Mammals for $500 Alex
“Slow moving mammals that spend most of their time sleeping & eating”
What are sloths?
“Wrong, What are coworkers”
I am “cool” and “chill” and “stuck inside the walk in freezer.”
I traveled over 500 miles to go home and one of first things my mom says is “you need a haircut”
HER: you could use some exercise
ME: i do pirates on the weekends
HER: pilates?
ME [hiding eye patch]: uh, yeah sure
My husband was just rude to me and I said that I’m going to punish him and he got all excited but like I don’t even know why he’s so excited to do my Calculus homework
If I ever have to get into a fight with a bear, I’m sneaking in at least one hug.
I lost my virginity once, I know I can do it again.
If I worked at a car wash, I would be making ‘did I make you wet?’ jokes all day.
That point in your parenting journey where “stop fighting” morphs into “go outside if you’re going to fight”
INTERVIEWER: It says here you can’t read
ME: thanks what else does it say
“Kids grow up so fast”yeah maybe you forgot to change your clocks bruh
Noah’s wife: r u joking right now?
Noah: my hands are tied babe
Noah’s Wife: but.. we’re married?
Noah: I’m sorry but he said 2 of each species
Noah’s mate Dave: [pushing past with an xbox] If only there was another way
Please take the smartphone away from your pets, they are spamming your Facebook with selfies.
My definition of the word ‘mansion’ becomes looser and looser every year.
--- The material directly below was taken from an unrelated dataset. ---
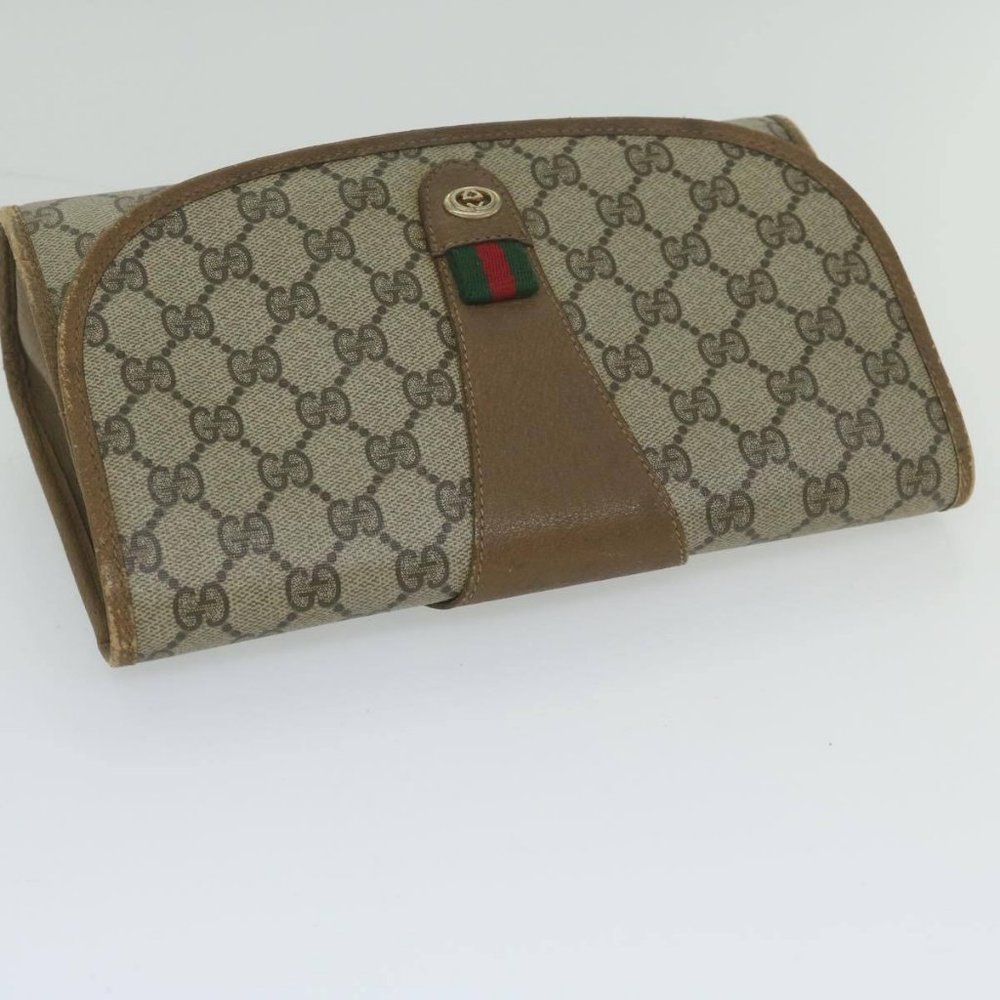 GUCCI GG Supreme Web Sherry Line Clutch Bag Beige Red 89 01 030 Auth - Picture 11 of 16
Oh ur asbestos bungalow has flyscreens? Um ok your Highness
Standing closer to me in line will not get you to the checkout faster.
The pizza delivery guys say “see you tomorrow” to everyone, right?
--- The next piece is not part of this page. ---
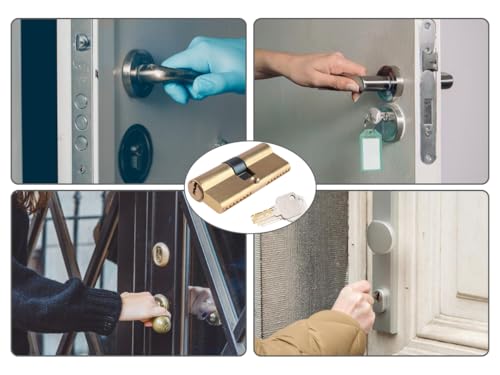 Kellegour Profilowy cylinder z gałką, zamek bębenkowy 35/35, zamek cylindryczny, cylinder zamykający, cylinder do drzwi, cylinder zamykający z gałką z 3 kluczami mosiężnymi do drzwi drewnianych, drzwi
Mechanic: Your car’s got a flat
Me: It’s called a garage
Wanna stand off to the side of a golf gallery in a Teletubby costume
My 4-year-old poked my gut and remarked, “Daddy, there’s a baby in there…?”
That was last night and I still haven’t recovered
One thing about me, I’m a clear communicator
[deciding when to tweet]
Me: *throws grass into the air* Not yet
There’s no “u” in narcissist
Women on twitter tell me my beard is hot
Women in real life tell me where I can find food and shelter .
[shopping]
My Son: This chair will hold up to 300 pounds!
Me: Why did you look at me when you said that?
911: 911
me: I think my smoke detector is broken
911: is there smoke?
me: how would I know?
911:
me: 911 how would I know?
[team dumps Gatorade on head coach after victory but head coach just happens to be the Wicked Witch of the West]
COACH: you idiots *melts*
I sent my wife a card that said, “I DON’T LIKE ANY OF THE BABIES YOU’VE MADE.”